[Date Prev][Date Next][Thread Prev][Thread Next][Date Index][Thread Index]
Re: [tlaplus] Re: TLC: NoSuchElementException on checkpoint restore
вторник, 4 апреля 2017 г., 21:14:27 UTC+3 пользователь Markus Alexander Kuppe написал:
> On 04.04.2017 17:09, evgeniy....@xxxxxxxxx wrote:
> > After recovering from checkpoint I have a very weird messages displayed periodically:
> > tlc RAPlus.tla -config RAPlus.cfg -deadlock -metadir /run/media/MC -checkpoint 30 -recover /run/media/MC/17-04-03-13-54-53
> > TLC2 Version 2.09 of 28 January 2016
> > Running in Model-Checking mode with 3 workers.
> > Parsing file RAPlus.tla
> > Parsing file /home/sh/tla2tools/tla/tla2sany/StandardModules/Naturals.tla
> > Parsing file /home/sh/tla2tools/tla/tla2sany/StandardModules/Sequences.tla
> > Parsing file /home/sh/tla2tools/tla/tla2sany/StandardModules/TLC.tla
> > Parsing file /home/sh/tla2tools/tla/tla2sany/StandardModules/FiniteSets.tla
> > Semantic processing of module Naturals
> > Semantic processing of module Sequences
> > Semantic processing of module TLC
> > Semantic processing of module FiniteSets
> > Semantic processing of module RAPlus
> > Starting... (2017-04-04 18:04:14)
> > Implied-temporal checking--satisfiability problem has 21 branches.

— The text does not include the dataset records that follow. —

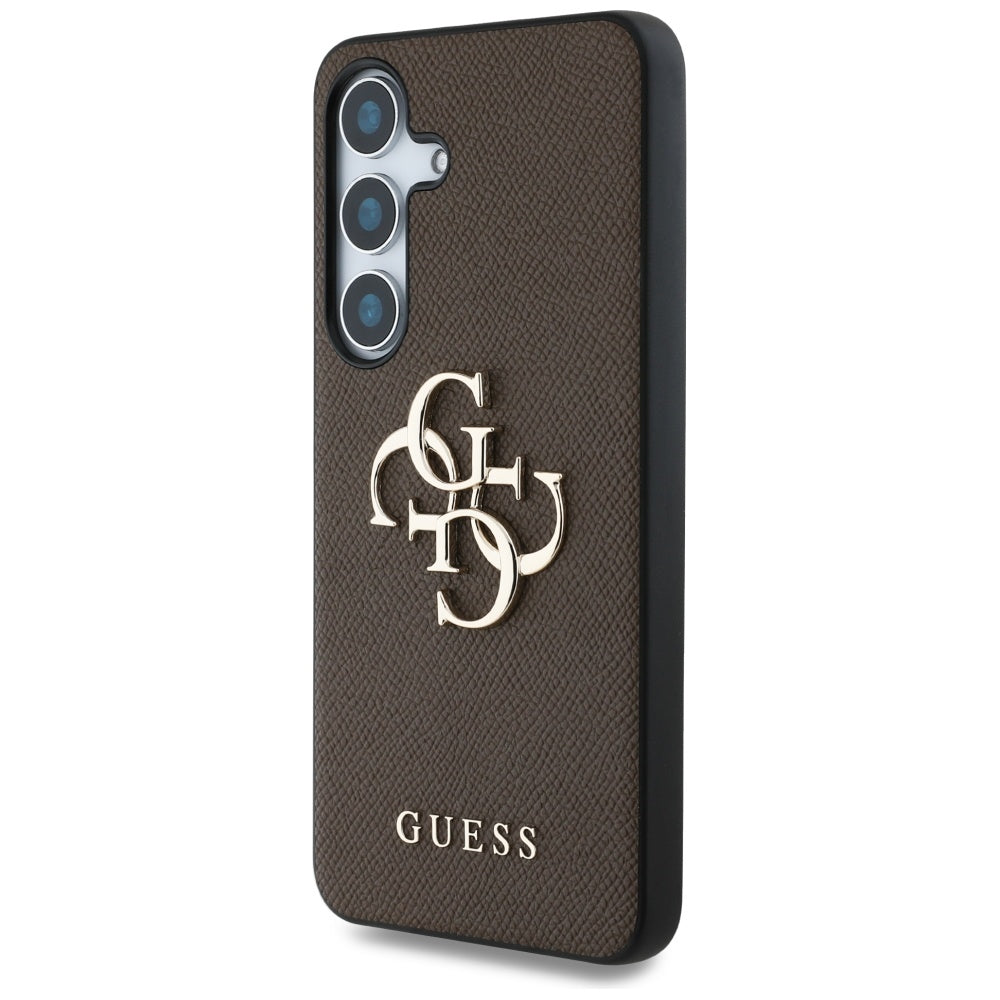 Husa pentru Samsung Galaxy S25 Plus - Guess Hardcase 4G Grained Big and Classic Logo (GUHCS25MPGT4MBW) - Brown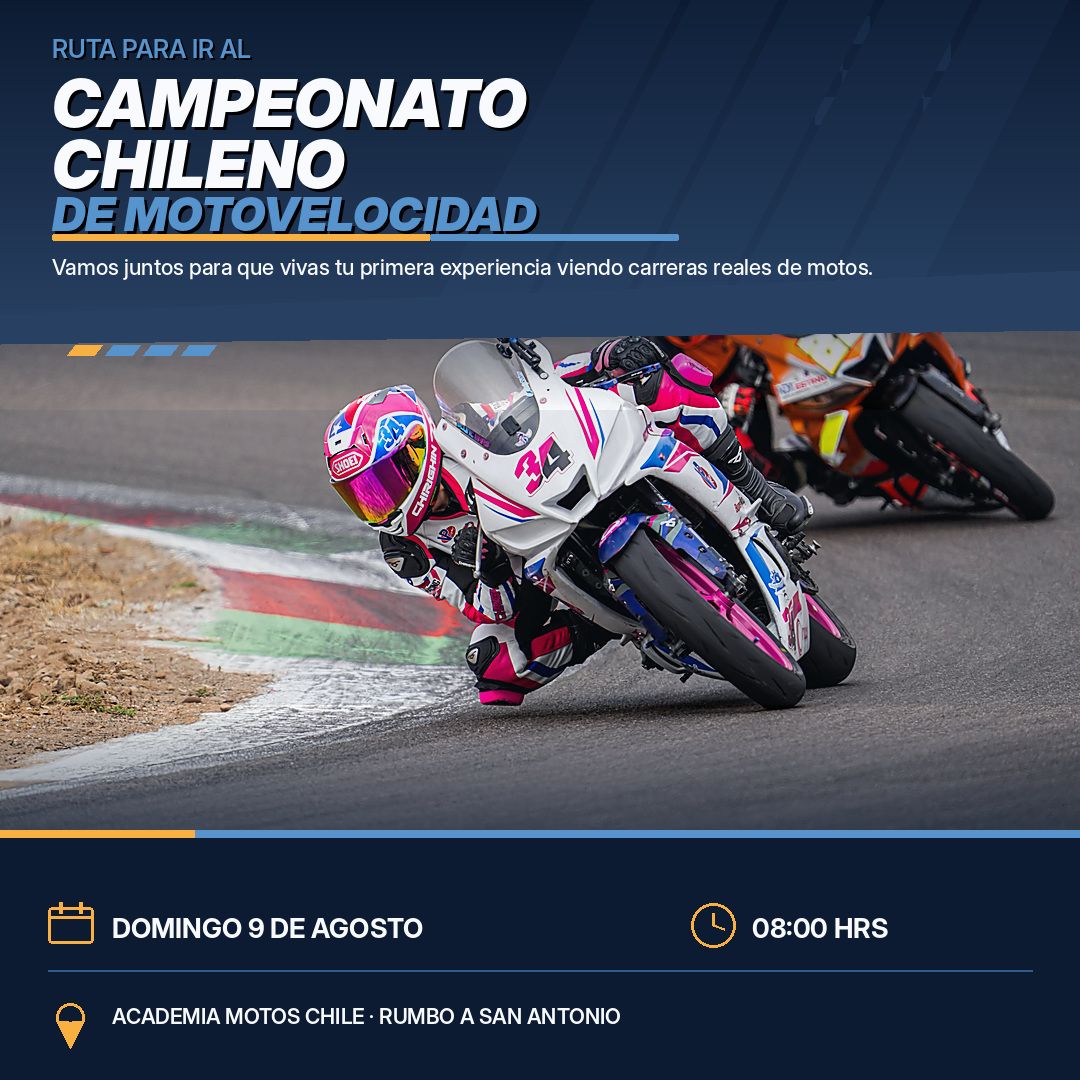 Ruta al Campeonato Chileno de Motovelocidad – San Antonio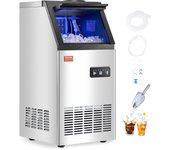 Vevor máquina de hielo autónoma, producción 36,3 kg/24 h, almacenaje 12,7 kg, 36 cubitos en 15 min, pantalla led, función autolimpiante, bar, oficina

> > Starting recovery from checkpoint /run/media/sh/MC/17-04-03-13-54-53/
> > AAAAAA
> > AAAAAA
> > AAAAAA
> > AAAAAA
> >
> > and so on.
> >
> > My model has nothing to do with that "AAAAAA" messages. I have not saw such messages before.
> >
> > [...]
> >
> > Some time later I got this message:
> >
> > Error: Java ran out of memory. Running Java with a larger memory allocation
> > pool (heap) may fix this. But it won't help if some state has an enormous
> > number of successor states, or if TLC must compute the value of a huge set.
> > Finished in 04min 10s at (2017-04-04 18:08:25)
> >
> > This is strange because I ran TLC with the same parameters for virtual machine memory
> > as before.
>
>
> Hi Evgeniy,
>
> the "AAAAAA" messages are obviously bogus but anyway harmless. My guess
> is, that the corresponding print statement in the code is a leftover
> from a debugging session.
> The reason why TLC shows several messages is, because your liveness
> properties have been split into 21 branches and TLC recovers a graph for
> each one them.
>
> With regards to the out of memory error, are you saying that you only
> get the error if you recover from a checkpoint but don't get it, if you
> run the exact same model (same parameters, safety & liveness properties,
> ...) without recovery? If yes, can you make your checkpoint data and
> spec & model (privately) available to me?
>
> By the way, when did you download the Toolbox? The version TLC reports
> indicates that you are running a nightly/CI build.
>
> Cheers
> Markus
The whole story is as follows:
I downloaded TLA+ tools from some official web site (maybe Lamports website, I dont remember exactly)
I ran TLC on my model which produced aforementioned checkpoint.
Some time later I decided to stop TLC (ctrl+c). I did that after checkpoint was finished so there is no reason to suspect that checkpoint is broken.
I ran TLC again with that checkpoint (- but got an error which is a subject of this topic (NoSuchElementException)
Then I saw that message from mr.Giuliano, where he suggest to try latest build.
I downloaded that latest build and ran it again. I ran it with the same parameters as before except checkpoint interval parameter (It was increased this time).
I used this link for download: http://tla.msr-inria.inria.fr/tlatoolbox/ci/tladist/
My original run command was as follows:
tlc RAPlus.tla -config RAPlus.cfg -deadlock -metadir /run/media/MC -checkpoint 5
My recover attempt was:
tlc RAPlus.tla -config RAPlus.cfg -deadlock -metadir /run/media/MC -checkpoint 30 -recover /run/media/MC/17-04-03-13-54-53
tlc is a script which is equal to:
#!/bin/bash
java -Djava.net.preferIPv4Stack=true \
-Dcom.ibm.cacheLocalHost=true \
-Djava.net.preferIPv6Addresses=false \
-Xmx16g \
tlc2.TLC -cleanup -workers 3 $*
> With regards to the out of memory error, are you saying that you only
> get the error if you recover from a checkpoint but don't get it, if you
> run the exact same model (same parameters, safety & liveness properties,
> ...) without recovery?
I get this error on recovery using that latest version of TLC. I actually get memory error also when running latest version of TLC from scratch (after several hours of checking).
But I do not get that error when using previous version of TLC from scratch on that model.